Elisée Reclus – qui titra « La conquête du pain » de Kropotkine et qui en signa la préface – rédige quelques années plus tard un texte annonciateur, pour le moins prémonitoire.

Deuxième texte de la trilogie consacrée à l’agriculture par des penseurs libertaire du 19e et 20e siècle. Les autres articles de la trilogie sont accessibles ici :

Dans cet écrit, Reclus répond aux polémiques de son temps qui opposent la figure du paysan à celle de l’ouvrier, opposent la campagne à la ville, la tradition à la modernité, et d’une certaine manière, la réaction au progrès.

S’il fait du projet d’aménagement terrestre et d’émancipation propre à la modernité son combat, Reclus modère tout de même les éloges catégoriques et passionnés qui en sont faites. Reclus croit fermement en l’amélioration matérielle des conditions d’existence, partout il les promeut, mais il révoque le sens de l’histoire, son déterminisme et sa linéarité. Lui, entrevoit plutôt des séries consécutives d’avancées et de reculs, des élans de progressions et des mouvements de regrès. Il est pour le progrès, mais il n’est pas de la prophétie. Il est pour la modernité, mais il n’est pas contre la « nature ». Il n’est ni pour la ruralité, ni pour l’urbanisme, il est pour le rapprochement, pour l’alliance des savoirs, il est pour la synthèse.

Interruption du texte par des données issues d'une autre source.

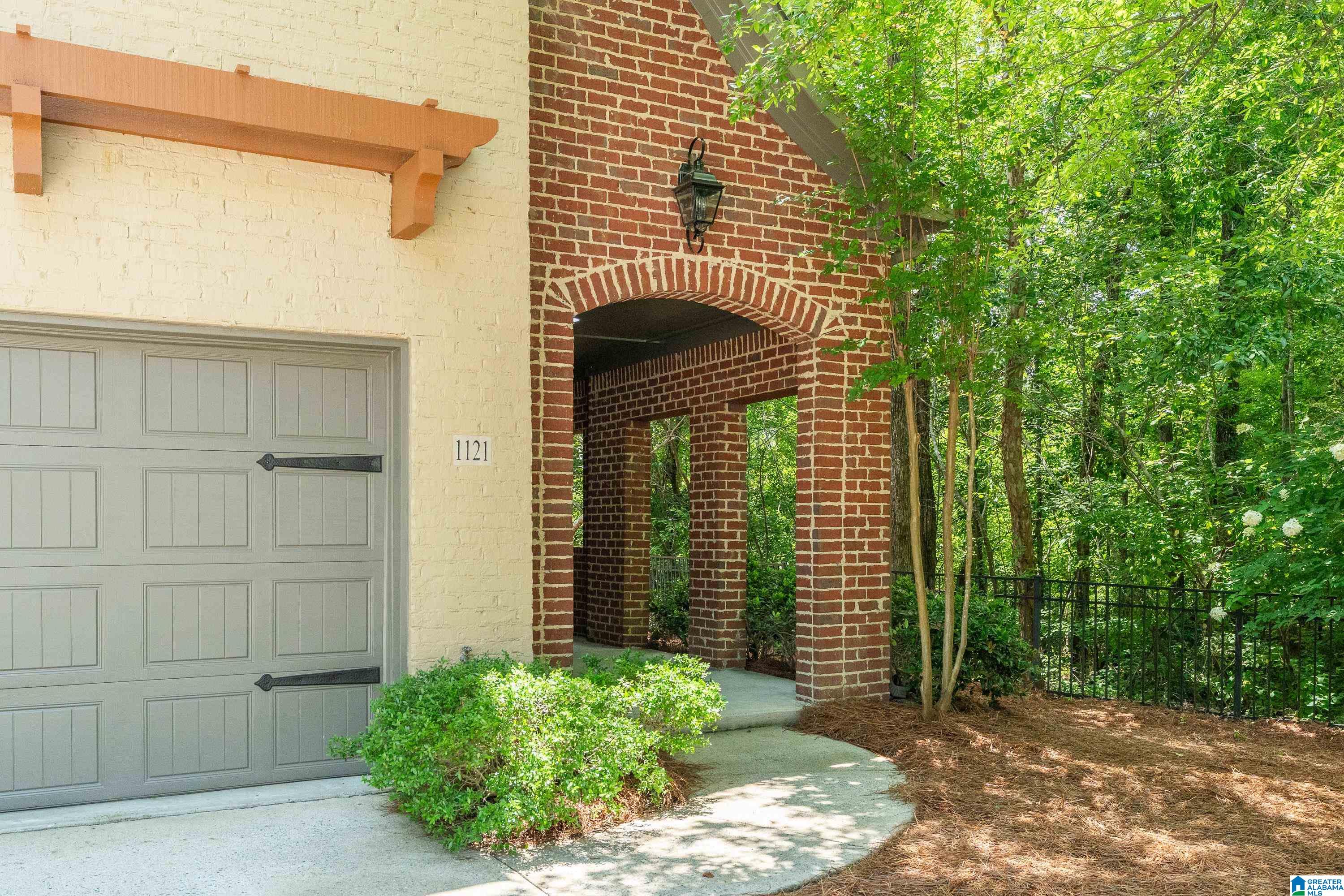 1121 Monaghan Drive Birmingham, AL 35242 - Photo 3 of 37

Géographe et encyclopédiste, il loue un respect immense aux « peuples primitifs » et aux « savoirs indigènes ». Il reconnaît bien volontiers les bienfaits qu’implique la modernité, mais n’en fait jamais une supériorité « civilisatrice ». Il n’est ni partisan du « retour à la nature », ni louangeur du « bon sauvage », mais porte en estime toute la connaissance humaine, sans malheureuses distinctions. S’il n’est donc pas explicitement « progressiste », il défend la modernisation. Pour autant, sans solidarité, sans égalité, sans partage, sans élévation des individus et de l’humanité toute entière, le progrès pourrait porter en lui des germes de régressions.

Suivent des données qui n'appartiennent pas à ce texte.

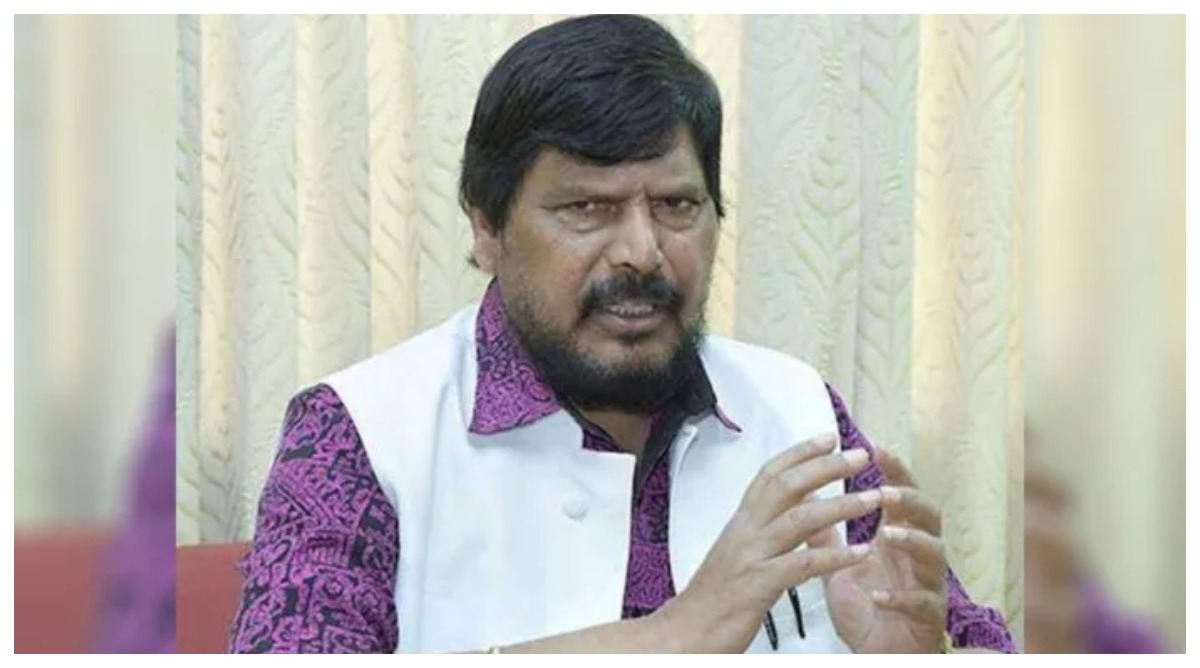 Photo of Maharashtra News : शिंदे को भेज दो महाराष्ट्र से बाहर, सीएम के लिए नाम फाइनल, बोले रामदास अठावले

À juste titre, Reclus distingue dans les évolutions techniques de son époque les signes d’une entreprise de domestication extraordinairement rationnelle qu’il craint, et qu’il envisage à bien des égards comme une menace. L’organisation scientifique du travail, qui fait de chaque geste, de chaque action, une performance salariale chronométrée, « évaluées en chiffres », pourrait bientôt déborder des usines et unifier la société toute entière. Ce progrès n’est pas celui que Reclus entend défendre. Au contraire, au service seulement « du bénéfice patronal », cette science capitaliste baigne déjà dans le jus de la puissance.

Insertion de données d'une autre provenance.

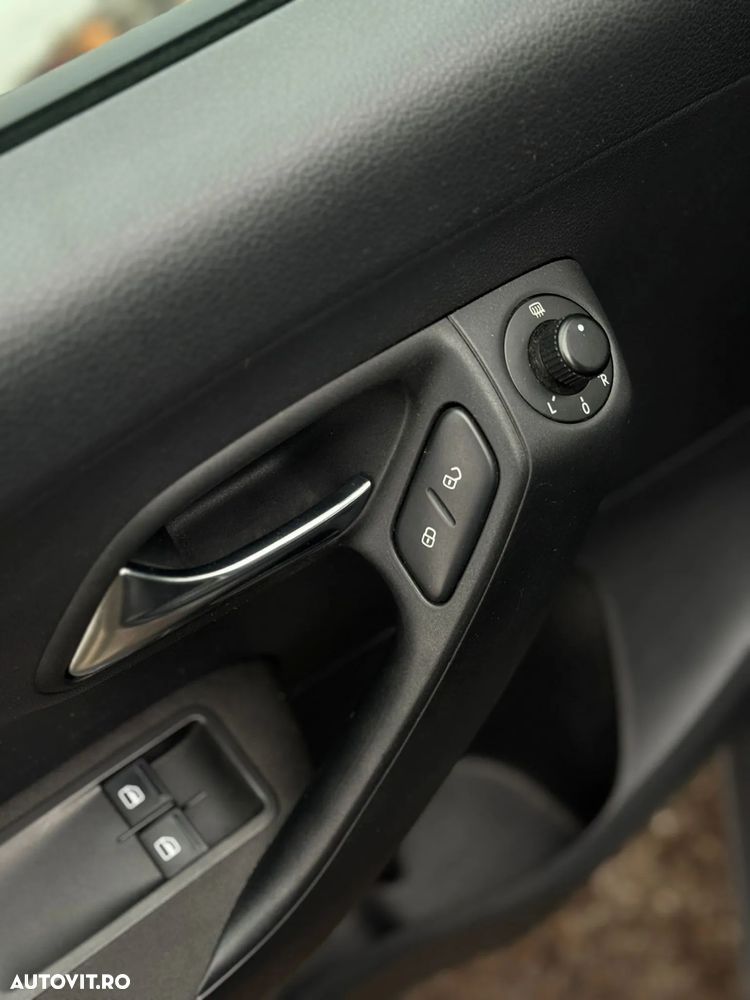 Volkswagen Polo 1.6 TDI Trendline - 35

Les inquiétudes de Reclus sont fondées, la paysannerie pourrait devenir à son tour industrielle, et les années qui succéderont sa mort lui donneront tristement raison. [1]

Elisée Reclus : À mon Frère le paysan, 1899.

« Est-il vrai », m’as-tu demandé, « est-il vrai que tes camarades, les ouvriers des villes, pensent à me prendre la terre, cette douce terre que j’aime et qui me donne des épis, bien avarement, il est vrai, mais qui me les donne pourtant ? Elle a nourri mon père et le père de mon père ; et mes enfants y trouveront peut-être un peu de pain. Est-il vrai que tu veux me prendre la terre, me chasser de ma cabane et de mon jardinet ? Mon arpent ne sera-t-il plus à moi ? »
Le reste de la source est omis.